Race certainly plays a role, but it’s not the only factor.
On the other hand, hate is also a coping mechanism. It’s not just directed at racial minorities: a recent report from a Jewish group in Milwaukee says that antisemitic incidents are on the rise in Wisconsin, driven in part by people blaming Jews for the covid.
For a well-educated liberal like myself, it’s astonishing that anyone could indulge in such wild, illogical conspiracy thinking. What possible motive could the Jewish community have to gin up a pandemic?
And yet here we are. Evidence suggesting people hold these views despite — or even because of — the evidence. Such is the bassackwardness of the human heart that when unfairness or injustice is pointed out, we’re as liable to embrace it more firmly as we are to reject it, no matter how harmful it might be to our own well-being.
Calvin, a forerunner of the Enlightenment, knew well the connection of this perversity to a prideful ignorance. We have seen a rise in know-nothing politics in recent years. It flourished under the former president. But it’s been brewing in the system for a long time.
Vicious attacks on teachers and school administrators during the Act 10 debates stunned Wisconsinites, but it was only the beginning of a long and ugly trend: other targets include climate scientists, journalists, FBI agents, CIA agents, diplomats, professors, election administrators, epidemiologists, finally down to the doctors, nurses and public health workers on the front lines of the covid fight.
You might properly frame the people on this list as anyone contradicting the GOP agenda.
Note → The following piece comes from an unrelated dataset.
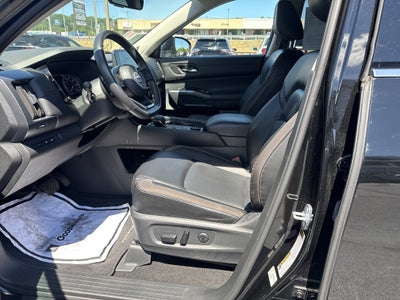 2023 Nissan Pathfinder SL 4WD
But it’s also a list of people who know how to make American life better in big and small ways.
It’s perhaps not a coincidence that many of these fields are dominated by professional women, another frequent target of bile and bias. Again, it’s probably not a coincidence that many of those same fields are seeing massive outflows, as workers decide they can’t take it anymore.
The far right, which is creeping into the center of the Republican Party, seems happy to immiserate the nation if it means preserving their place in the social hierarchy. If only that were the end of it.
The people I most want to recognize from that long list of targets are the medical experts and the public health workers. Partly that’s because it’s National Public Health Week. (They’re the people I work the most closely with.) Primarily these people have taken the lead in keeping the rest of us all alive. Yet they’ve been the focus of death threats, violence, and other abuse, driving many from the field.
It’s one thing to decide a pandemic is none of your concern. It’s another order of magnitude, however, to decide that, because it’s not your concern, it’s also not — and never should be — anyone else’s.
Yet that’s where we are after two years.
Like I said, maybe Calvin had a point.
The willingness to get us all killed if that’s what it takes to preserve the racial status quo is truly a new, and deeply perverse, fruit.